Morreu depois de 10 horas sem vigilância no hospital da Feira

Morreu depois de 10 horas sem vigilância no hospital da Feira

O relatório termina pedindo “tudo e em qualquer dos casos com as legais consequências.”

▌ERS aponta para comunicação deficiente entre hospitais e falta de acompanhamento

O caso remonta a fevereiro deste ano quando uma mulher de 74 anos foi transferida do Centro hospitalar de Vila Nova de Gaia/Espinho para o Centro Hospitalar Entre Douro e Vouga — a perita médica chamada a intervir arrasa a conduta dos dois hospitais. 

M.S., como é denominada a vítima no relatório da Entidade Reguladora da Saúde (ERS) tinha 74 anos, foi internada, no Centro Hospitalar de Vila Nova de Gaia/Espinho (CHVNGE), em estado considerado grave, na sequência de um atropelamento em Canedo, no dia 27 de dezembro de 2018. 

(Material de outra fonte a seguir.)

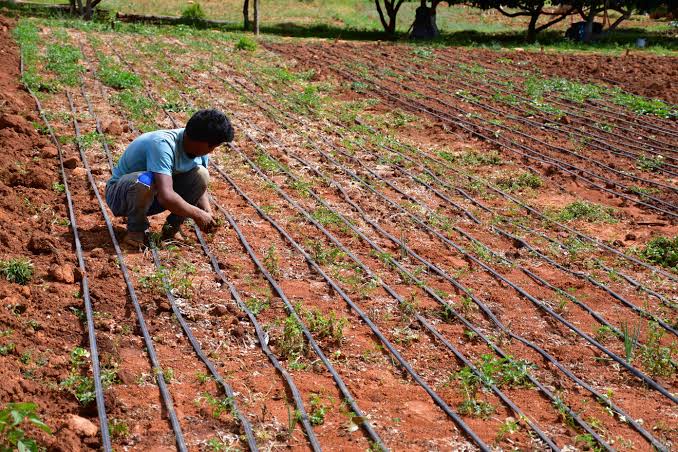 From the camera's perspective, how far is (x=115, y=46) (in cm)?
1328

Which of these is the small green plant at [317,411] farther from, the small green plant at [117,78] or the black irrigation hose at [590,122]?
the small green plant at [117,78]

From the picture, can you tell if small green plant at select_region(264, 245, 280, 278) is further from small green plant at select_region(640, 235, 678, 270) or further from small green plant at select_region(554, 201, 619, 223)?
small green plant at select_region(640, 235, 678, 270)

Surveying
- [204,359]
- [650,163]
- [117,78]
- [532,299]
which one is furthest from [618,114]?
[204,359]

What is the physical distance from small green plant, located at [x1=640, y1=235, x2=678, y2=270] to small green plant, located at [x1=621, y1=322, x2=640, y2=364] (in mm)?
1199

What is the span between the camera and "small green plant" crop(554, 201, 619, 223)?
20.8ft

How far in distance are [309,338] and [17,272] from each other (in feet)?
5.39

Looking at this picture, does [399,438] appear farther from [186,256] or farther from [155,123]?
[155,123]

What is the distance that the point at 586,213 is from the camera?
6.45m

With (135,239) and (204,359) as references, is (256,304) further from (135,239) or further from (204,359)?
(135,239)

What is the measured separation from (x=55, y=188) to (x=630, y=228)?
4.44m

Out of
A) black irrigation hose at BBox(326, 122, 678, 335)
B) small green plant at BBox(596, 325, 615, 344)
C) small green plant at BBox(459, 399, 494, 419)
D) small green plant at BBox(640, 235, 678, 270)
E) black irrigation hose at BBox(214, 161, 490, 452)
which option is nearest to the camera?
black irrigation hose at BBox(214, 161, 490, 452)

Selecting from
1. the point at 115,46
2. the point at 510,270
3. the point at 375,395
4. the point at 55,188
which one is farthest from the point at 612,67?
the point at 375,395

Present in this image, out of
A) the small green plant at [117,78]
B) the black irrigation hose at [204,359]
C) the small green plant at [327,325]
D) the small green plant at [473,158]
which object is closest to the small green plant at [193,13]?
the small green plant at [117,78]

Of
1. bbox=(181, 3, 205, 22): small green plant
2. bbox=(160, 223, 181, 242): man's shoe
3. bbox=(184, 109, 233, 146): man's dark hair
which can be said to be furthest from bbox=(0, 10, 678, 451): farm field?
bbox=(181, 3, 205, 22): small green plant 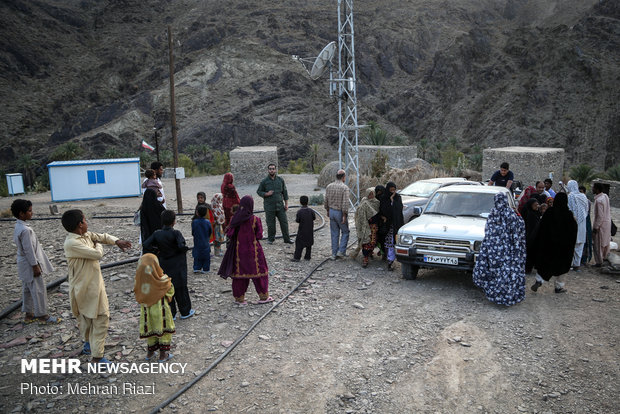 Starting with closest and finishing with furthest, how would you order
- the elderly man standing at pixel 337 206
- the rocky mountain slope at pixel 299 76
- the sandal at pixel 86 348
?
1. the sandal at pixel 86 348
2. the elderly man standing at pixel 337 206
3. the rocky mountain slope at pixel 299 76

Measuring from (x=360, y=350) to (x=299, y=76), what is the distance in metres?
58.2

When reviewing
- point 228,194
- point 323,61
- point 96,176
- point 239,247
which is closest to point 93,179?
point 96,176

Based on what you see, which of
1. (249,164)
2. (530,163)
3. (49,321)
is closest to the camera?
(49,321)

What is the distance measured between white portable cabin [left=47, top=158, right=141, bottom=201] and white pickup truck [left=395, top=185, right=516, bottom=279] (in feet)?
53.9

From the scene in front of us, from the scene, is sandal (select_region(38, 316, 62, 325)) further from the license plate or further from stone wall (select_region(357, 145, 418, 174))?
stone wall (select_region(357, 145, 418, 174))

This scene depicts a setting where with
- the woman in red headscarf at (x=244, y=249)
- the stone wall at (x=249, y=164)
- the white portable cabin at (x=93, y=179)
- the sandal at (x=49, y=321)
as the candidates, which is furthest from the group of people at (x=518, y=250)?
the stone wall at (x=249, y=164)

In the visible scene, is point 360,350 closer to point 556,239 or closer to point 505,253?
point 505,253

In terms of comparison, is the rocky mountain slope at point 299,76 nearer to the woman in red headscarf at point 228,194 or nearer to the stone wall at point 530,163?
the stone wall at point 530,163

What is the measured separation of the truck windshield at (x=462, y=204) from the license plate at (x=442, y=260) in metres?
1.24

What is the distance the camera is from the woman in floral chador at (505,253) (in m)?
6.42

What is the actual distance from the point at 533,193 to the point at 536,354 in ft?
16.1

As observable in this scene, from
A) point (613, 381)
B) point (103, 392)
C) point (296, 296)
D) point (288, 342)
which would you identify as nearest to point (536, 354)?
point (613, 381)

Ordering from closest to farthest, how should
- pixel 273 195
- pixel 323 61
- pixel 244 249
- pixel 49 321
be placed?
1. pixel 49 321
2. pixel 244 249
3. pixel 273 195
4. pixel 323 61

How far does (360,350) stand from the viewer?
5.45m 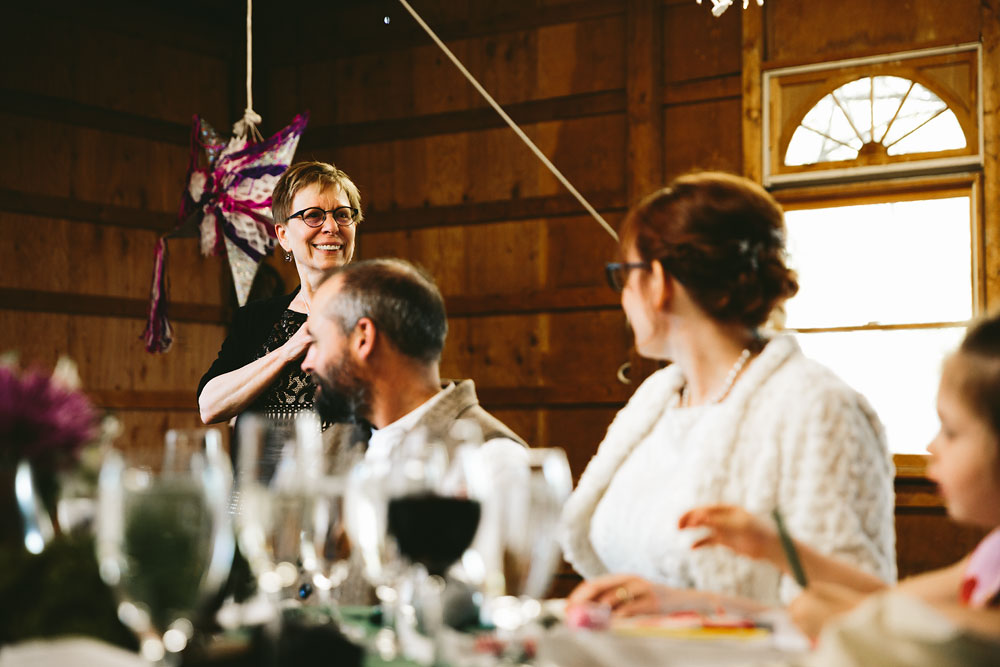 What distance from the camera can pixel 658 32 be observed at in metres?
4.44

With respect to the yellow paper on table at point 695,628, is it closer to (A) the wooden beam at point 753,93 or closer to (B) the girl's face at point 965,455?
(B) the girl's face at point 965,455

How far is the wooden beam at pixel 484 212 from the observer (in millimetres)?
4496

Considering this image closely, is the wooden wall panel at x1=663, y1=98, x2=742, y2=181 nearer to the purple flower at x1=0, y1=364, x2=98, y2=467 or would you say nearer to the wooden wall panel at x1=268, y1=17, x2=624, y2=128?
the wooden wall panel at x1=268, y1=17, x2=624, y2=128

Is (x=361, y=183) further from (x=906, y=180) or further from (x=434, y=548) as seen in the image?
(x=434, y=548)

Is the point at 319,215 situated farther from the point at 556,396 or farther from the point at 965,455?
the point at 556,396

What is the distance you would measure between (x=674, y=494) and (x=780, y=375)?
0.75 feet

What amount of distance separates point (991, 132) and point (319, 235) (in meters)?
2.58

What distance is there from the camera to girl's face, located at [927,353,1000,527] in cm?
116

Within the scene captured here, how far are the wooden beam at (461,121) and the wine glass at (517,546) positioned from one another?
3768 mm

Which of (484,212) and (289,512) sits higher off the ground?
(484,212)

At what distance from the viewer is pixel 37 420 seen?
100 cm

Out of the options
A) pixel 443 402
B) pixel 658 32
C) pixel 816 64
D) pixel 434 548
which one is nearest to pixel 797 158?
pixel 816 64

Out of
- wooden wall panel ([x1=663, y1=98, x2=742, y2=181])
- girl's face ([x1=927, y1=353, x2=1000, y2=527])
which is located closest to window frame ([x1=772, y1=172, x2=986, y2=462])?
wooden wall panel ([x1=663, y1=98, x2=742, y2=181])

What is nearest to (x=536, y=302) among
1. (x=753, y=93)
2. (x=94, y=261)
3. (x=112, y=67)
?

A 4 de fevereiro e após um internamento de 39 dias onde recebeu tratamento médico, a idosa foi transferida para o Hospital de Santa Maria da Feira, onde veio a falecer, dois dias depois nos corredores do Centro Hospitalar Entre Douro e Vouga (CHEDV), segundo a reclamação feita pelo filho da vítima — informação que o CHEDV nega no relatório enviado à ERS, onde assegura que a paciente “esteve na área de observação e não em corredor”.

 

A denúncia elaborada pelo filho da vítima desencadeou uma investigação por parte da ERS — o relatório apresentado pela perita médica chamada a pronunciar-se sobre a atuação dos médicos e hospitais arrasa a atuação de todos. 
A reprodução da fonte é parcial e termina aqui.